▶ EXERCISE REQUIREMENTS
An exact repetition of the data below, without images, is the expected answer.

════════

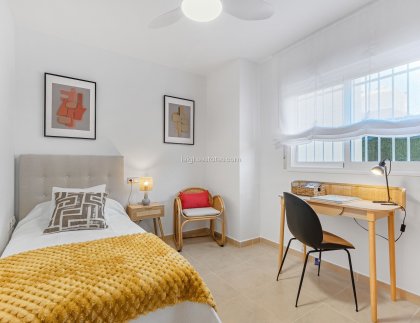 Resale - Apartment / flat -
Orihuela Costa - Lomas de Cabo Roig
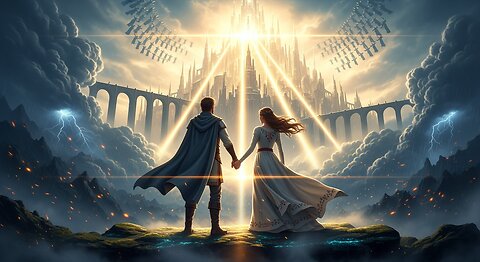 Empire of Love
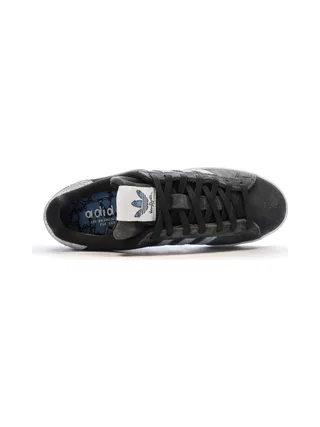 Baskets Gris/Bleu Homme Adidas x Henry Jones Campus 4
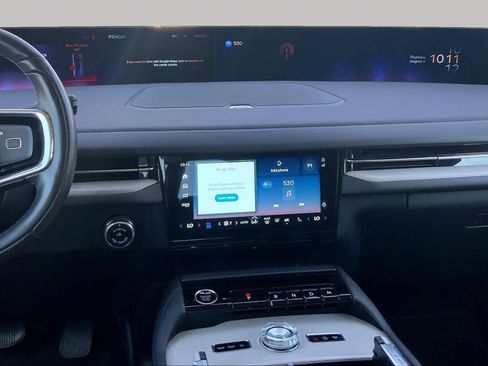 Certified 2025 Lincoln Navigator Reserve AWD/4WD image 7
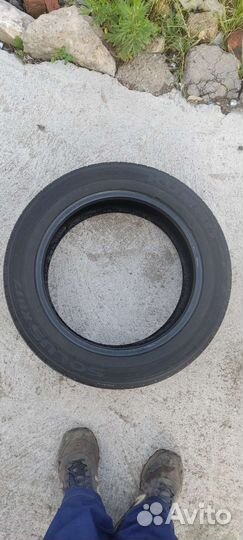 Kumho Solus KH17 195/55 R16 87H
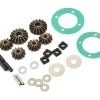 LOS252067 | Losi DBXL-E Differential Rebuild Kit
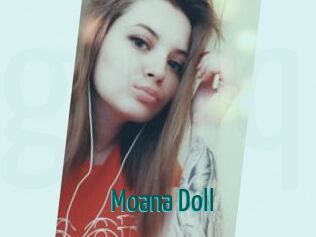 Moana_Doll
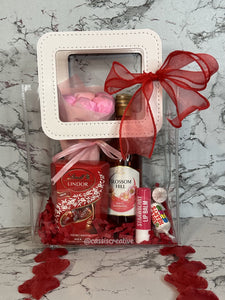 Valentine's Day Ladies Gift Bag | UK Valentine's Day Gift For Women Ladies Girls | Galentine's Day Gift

════════

▶ RESPONSE AREA
 Resale - Apartment / flat -
Orihuela Costa - Lomas de Cabo Roig
 Empire of Love
 Baskets Gris/Bleu Homme Adidas x Henry Jones Campus 4
 Certified 2025 Lincoln Navigator Reserve AWD/4WD image 7
 Kumho Solus KH17 195/55 R16 87H
 LOS252067 | Losi DBXL-E Differential Rebuild Kit
 Moana_Doll
 Valentine's Day Ladies Gift Bag | UK Valentine's Day Gift For Women Ladies Girls | Galentine's Day Gift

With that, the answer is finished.